Barring certain water bodies that are spring-fed, most of the streams of the Indus water system are glacier-fed. Since early melting triggers massive discharge in rivers, the water bodies lack the adequate quantity later once the agricultural activity begins leading to droughts.

The capital of Indian-administered Kashmir Srinagar was labeled as Venice of the East, because of the elaborate network of canals. In the city, the main channel of transportation was a water body called Nallah Maar. But in 1977, it was filled up and a paved road replaced the stream, which used to also work as a flood channel for River Jhelum.


Mutilating geography

The story of mutilating the geography – a ready invitation to floods and disasters – is repeated everywhere in South Asia, where old canals and streams have been paved, giving way to constructions.

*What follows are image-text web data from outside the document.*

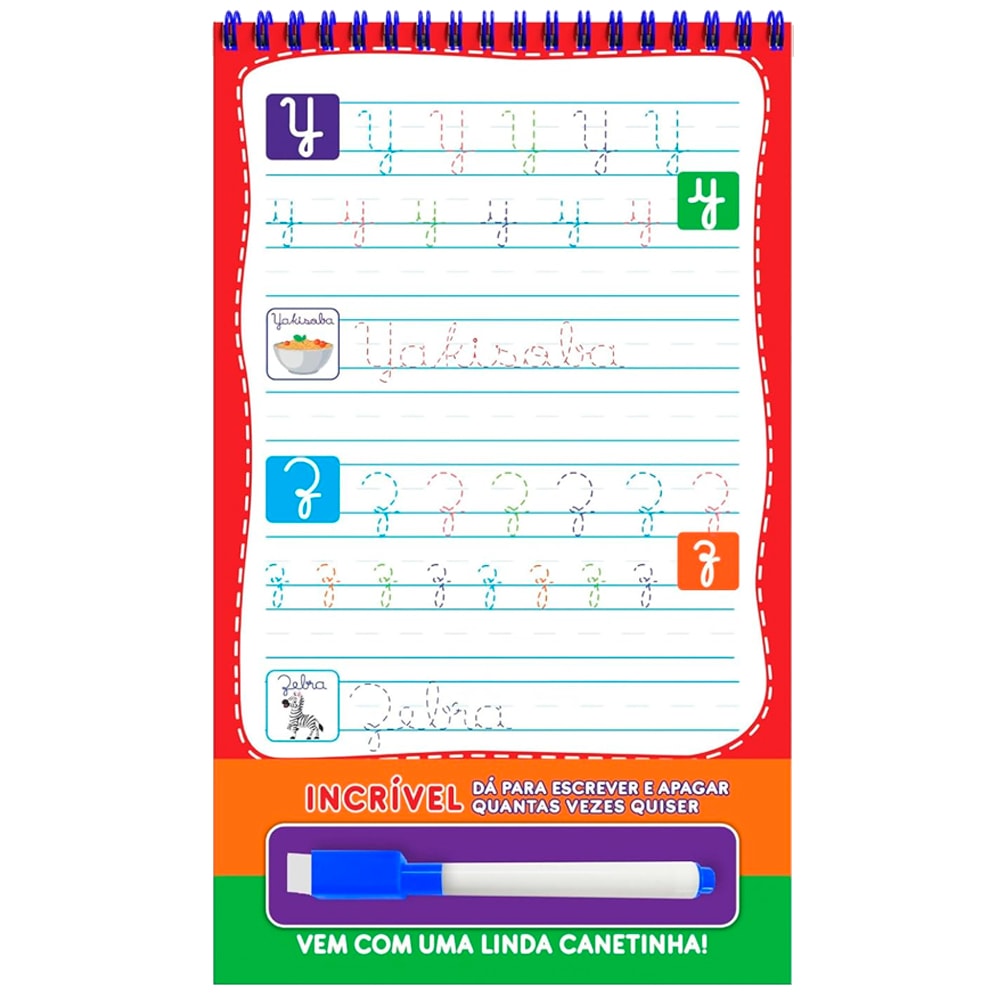 Riscabook | Alfabeto | Letras Cursivas | Escreva e Apague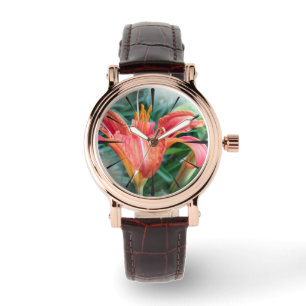 Orangenlilie Armbanduhr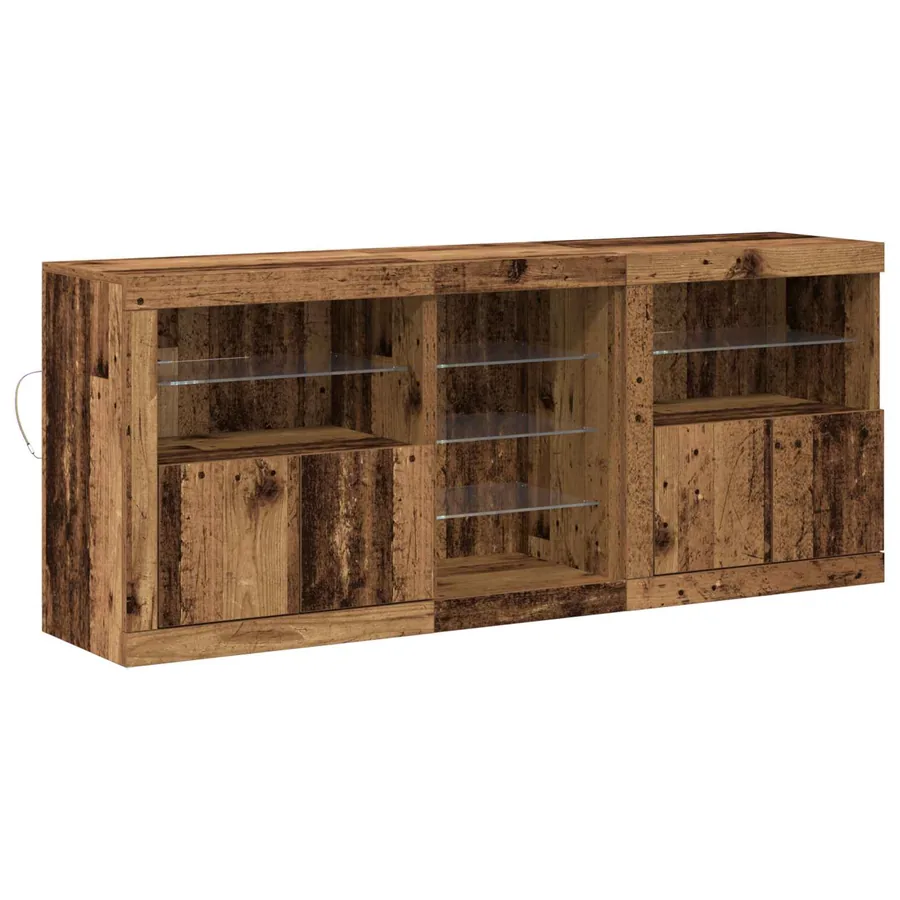 Buffet LED Bois ancien 162 x 37 x 67 cm Bois d'ingénierie - 2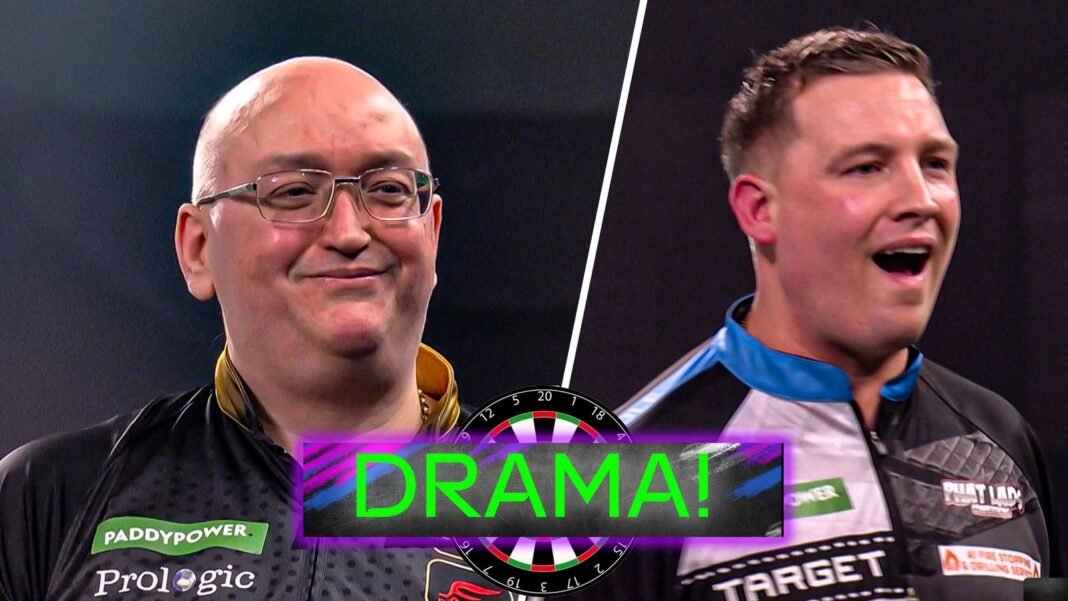 World Darts Championship | Andrew Gilding and Chris Dobey trade big ton finishes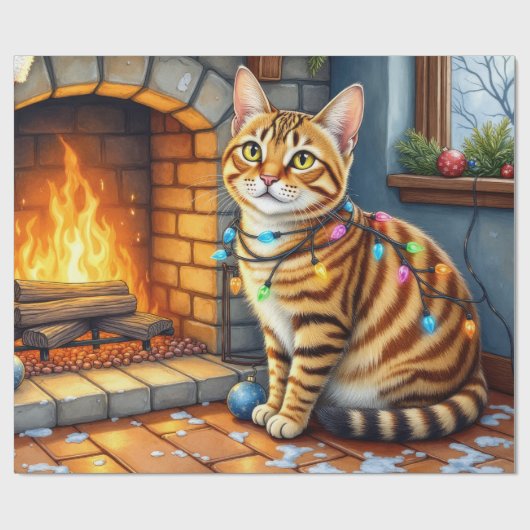 Bengal Cat Fireplace with Christmas Lights Cadeaupapier (Vlak)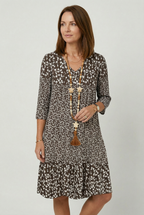 Ditsy Floral Print Midi Dress V Neck Women's 3/4 Sleeve Tiered Smock – Casual, Holiday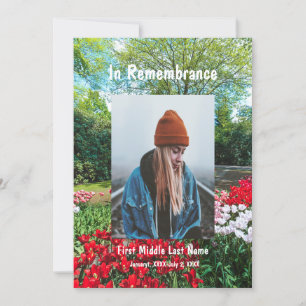 Memorial Service Invite Tulips Garden Flowers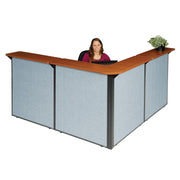 80"W x 80"D x 44"H L-Shaped Reception Station by Global Industrial – steel, Cherry, Model 249009CB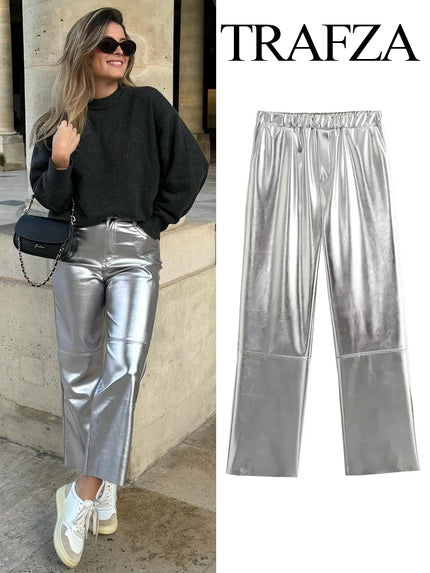TRAFZA Trousers For Women Autumn Fashion Elegant Silver Elastic Waist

No doubt terrorism poses a threat to countries, but the current floods in Pakistan, India, and Afghanistan and earlier inundation of Kashmir Valley in 2014 because of incessant rains and melting of snow have once again proved that climate change is a greater threat to humanity with far-reaching consequences. The impact of disasters is long-lasting and affects generations.

There is time for South Asian countries to sit together and find a solution to this threat. A mechanism can be set up under the eight-member South Asian Association of Regional Cooperation (SAARC) or the Shanghai Cooperation Organization (SCO). Since the SCO is meeting in the Uzbek city of Samarkand from Sept. 15-16, the leaders need to attend to this issue on priority to save human lives from frequent disasters in the region.

*Opinions expressed in this article are the author's own and do not necessarily reflect the editorial policy of Anadolu Agency.